What this task involves =>
Give the count of lines in the records below that contain "Used", and say nothing more.
-*-*-
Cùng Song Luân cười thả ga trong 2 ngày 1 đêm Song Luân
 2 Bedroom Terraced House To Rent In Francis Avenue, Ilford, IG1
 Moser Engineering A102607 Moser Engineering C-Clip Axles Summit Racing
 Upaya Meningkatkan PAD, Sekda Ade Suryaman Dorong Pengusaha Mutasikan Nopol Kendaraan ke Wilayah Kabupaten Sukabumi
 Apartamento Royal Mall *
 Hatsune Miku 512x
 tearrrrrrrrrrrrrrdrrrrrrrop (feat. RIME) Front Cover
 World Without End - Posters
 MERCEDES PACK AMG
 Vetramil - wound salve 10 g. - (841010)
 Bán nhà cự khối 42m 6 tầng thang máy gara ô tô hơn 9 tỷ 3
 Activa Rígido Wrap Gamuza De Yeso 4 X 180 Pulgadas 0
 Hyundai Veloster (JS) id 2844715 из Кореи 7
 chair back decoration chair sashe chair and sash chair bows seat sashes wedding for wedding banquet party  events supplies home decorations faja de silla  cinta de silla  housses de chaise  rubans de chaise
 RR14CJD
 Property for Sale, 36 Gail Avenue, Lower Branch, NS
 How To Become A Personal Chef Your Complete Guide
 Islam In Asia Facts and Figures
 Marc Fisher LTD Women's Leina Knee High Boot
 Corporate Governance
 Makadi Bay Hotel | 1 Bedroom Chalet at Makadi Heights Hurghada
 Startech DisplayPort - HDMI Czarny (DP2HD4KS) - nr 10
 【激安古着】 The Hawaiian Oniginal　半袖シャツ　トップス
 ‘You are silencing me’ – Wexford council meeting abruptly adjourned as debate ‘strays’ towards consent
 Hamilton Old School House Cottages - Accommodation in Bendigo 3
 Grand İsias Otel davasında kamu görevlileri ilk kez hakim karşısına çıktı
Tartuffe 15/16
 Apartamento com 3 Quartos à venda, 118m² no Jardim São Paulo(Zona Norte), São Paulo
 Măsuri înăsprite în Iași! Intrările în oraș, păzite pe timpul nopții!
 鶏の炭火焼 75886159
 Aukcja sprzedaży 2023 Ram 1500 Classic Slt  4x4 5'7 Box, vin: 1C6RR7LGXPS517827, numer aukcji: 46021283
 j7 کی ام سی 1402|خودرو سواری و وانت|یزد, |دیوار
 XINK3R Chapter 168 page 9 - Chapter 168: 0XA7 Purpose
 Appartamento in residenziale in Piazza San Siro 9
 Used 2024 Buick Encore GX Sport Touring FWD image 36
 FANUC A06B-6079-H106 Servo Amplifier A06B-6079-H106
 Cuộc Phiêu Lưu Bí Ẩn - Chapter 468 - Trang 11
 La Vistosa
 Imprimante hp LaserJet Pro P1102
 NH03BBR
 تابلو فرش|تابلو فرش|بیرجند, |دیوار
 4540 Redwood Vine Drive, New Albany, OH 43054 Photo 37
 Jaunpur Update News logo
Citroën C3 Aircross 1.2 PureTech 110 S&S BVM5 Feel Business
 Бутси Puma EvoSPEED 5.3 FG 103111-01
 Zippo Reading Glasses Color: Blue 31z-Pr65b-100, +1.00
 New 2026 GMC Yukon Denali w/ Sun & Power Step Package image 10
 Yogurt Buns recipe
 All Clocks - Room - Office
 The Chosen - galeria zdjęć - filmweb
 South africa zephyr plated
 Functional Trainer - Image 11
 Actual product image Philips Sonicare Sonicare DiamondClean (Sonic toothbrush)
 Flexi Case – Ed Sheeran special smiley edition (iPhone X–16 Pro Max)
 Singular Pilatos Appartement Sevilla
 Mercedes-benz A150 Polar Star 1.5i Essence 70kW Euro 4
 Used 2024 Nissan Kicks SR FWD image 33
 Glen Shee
-*-*-
Exercise solution =>
2